Is this the American Way?

People for the American Way, the left-wing smear machine, is (In the words of McClatchy press service) quietly targeting Frank Ricci, the Connecticut firefighter whose successful lawsuit for racial discrimination has proven to be so inconvenient for Judge Sotomayor. Specifically, People for the American Way, along with other such drive-by hit artists, is urging reporters to scrutinize Ricci’s allegedly “troubled and litigious work history.” So far, the lefty blogosphere, at least, has taken up the call.

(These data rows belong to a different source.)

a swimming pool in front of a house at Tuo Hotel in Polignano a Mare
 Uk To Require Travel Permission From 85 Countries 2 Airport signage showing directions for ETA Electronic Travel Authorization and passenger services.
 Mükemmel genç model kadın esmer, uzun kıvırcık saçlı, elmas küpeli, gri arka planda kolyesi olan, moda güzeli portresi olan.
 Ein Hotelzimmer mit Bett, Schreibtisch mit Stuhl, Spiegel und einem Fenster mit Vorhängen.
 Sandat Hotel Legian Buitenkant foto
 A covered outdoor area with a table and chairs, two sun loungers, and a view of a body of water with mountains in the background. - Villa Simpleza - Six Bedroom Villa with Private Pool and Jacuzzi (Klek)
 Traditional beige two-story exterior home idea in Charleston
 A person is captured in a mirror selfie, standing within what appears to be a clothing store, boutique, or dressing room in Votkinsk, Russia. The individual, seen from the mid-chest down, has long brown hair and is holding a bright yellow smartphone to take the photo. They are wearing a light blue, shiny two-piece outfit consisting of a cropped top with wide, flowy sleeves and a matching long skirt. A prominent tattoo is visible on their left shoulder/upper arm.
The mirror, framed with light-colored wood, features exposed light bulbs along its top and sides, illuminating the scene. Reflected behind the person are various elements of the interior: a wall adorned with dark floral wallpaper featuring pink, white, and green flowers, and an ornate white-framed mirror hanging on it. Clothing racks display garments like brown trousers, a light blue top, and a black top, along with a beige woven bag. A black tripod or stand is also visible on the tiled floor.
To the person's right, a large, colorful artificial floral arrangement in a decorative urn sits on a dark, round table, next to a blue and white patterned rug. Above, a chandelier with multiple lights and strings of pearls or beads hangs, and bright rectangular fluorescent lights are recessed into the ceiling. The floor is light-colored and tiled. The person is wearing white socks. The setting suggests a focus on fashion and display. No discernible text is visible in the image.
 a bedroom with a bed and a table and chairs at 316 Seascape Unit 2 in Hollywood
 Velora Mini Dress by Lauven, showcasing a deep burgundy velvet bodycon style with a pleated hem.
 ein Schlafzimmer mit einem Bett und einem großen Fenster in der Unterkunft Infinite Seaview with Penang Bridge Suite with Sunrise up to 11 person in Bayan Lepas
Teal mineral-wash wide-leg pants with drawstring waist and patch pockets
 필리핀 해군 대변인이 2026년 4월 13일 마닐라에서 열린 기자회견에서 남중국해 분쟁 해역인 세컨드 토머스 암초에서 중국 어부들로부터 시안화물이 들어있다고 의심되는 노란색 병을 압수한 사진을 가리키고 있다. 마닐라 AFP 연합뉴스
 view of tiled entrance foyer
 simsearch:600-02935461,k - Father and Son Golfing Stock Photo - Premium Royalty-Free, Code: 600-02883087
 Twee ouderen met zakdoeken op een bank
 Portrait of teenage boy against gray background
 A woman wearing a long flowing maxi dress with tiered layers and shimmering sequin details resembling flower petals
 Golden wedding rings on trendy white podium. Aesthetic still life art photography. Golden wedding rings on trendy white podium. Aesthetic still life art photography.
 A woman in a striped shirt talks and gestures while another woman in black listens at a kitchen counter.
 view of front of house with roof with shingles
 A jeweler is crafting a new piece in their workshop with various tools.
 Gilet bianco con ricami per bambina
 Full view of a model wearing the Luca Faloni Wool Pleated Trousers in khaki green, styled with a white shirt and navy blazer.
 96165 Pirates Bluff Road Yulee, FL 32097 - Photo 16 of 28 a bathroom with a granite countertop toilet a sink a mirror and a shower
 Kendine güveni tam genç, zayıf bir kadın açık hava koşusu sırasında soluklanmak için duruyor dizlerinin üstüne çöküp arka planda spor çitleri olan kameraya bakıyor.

Ricci is on the list of witnesses Republican Senators will call at Sotomayor’s confirmation hearing. But does this make his “litigious work history” an issue that deserves scrutiny? It does so only if that history has some relevance to Judge Sotomayor’s fitness to serve on the Supreme Court.

And plainly, it has no such relevance. No matter how many actions Ricci may have filed in the past, the only one that pertains to Sotomayor is the one she decided. That suit, in which a substantial number of other plaintiffs joined, was found to be meritorious.

McClatchy notes that when Anita Hill testified during the confirmation hearings for Clarence Thomas, she was subjected to personal attack. But Hill leveled personal accusations against Thomas. Adjudicating the veracity of Hill’s allegations of so-called sexual harassment entailed some inquiry into her credibility and, given the nature of the allegations, her past.

Ricci has leveled no personal attack on Sotomayor, and surely will not do so in his testimony. All he did was file a lawsuit that eventually found its way into a courtroom where she happened to be sitting. To be sure, this ended up exposing Sotomayor as too intellectually dishonest to write a real opinion and too ideologically committed to reverse discrimination to reach a decision that a single Supreme Court Justice could agree with. But that’s not Ricci’s fault. I’m certain that when he filed his suit, he hoped that all judges who heard his case would get it right, or at least treat it seriously.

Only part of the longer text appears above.